### Records supplied:
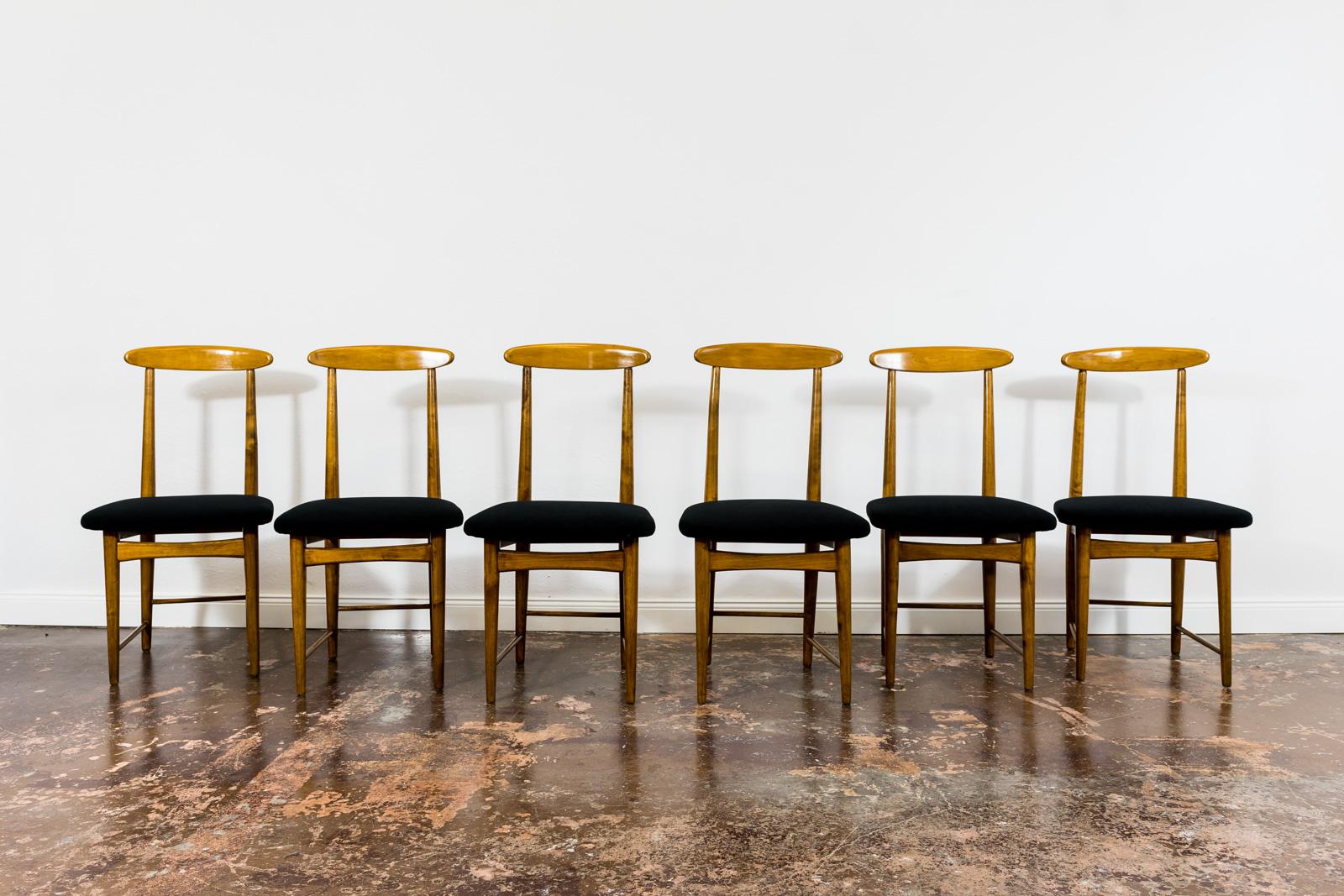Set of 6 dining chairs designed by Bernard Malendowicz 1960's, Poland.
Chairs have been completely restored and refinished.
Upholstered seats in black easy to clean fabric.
---
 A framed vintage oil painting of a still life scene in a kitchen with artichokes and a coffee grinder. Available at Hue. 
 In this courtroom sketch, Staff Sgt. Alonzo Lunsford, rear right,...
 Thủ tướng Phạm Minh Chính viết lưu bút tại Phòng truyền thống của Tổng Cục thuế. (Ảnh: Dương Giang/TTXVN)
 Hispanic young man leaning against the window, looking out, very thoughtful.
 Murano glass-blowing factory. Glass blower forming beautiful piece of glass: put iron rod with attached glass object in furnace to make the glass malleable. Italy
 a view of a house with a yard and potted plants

### Required work:
From the records above, extract exactly and only the lines that begin at the line with "Thủ tướng Phạm" and stop after the line with "a view of a".

### Output:
 Thủ tướng Phạm Minh Chính viết lưu bút tại Phòng truyền thống của Tổng Cục thuế. (Ảnh: Dương Giang/TTXVN)
 Hispanic young man leaning against the window, looking out, very thoughtful.
 Murano glass-blowing factory. Glass blower forming beautiful piece of glass: put iron rod with attached glass object in furnace to make the glass malleable. Italy
 a view of a house with a yard and potted plants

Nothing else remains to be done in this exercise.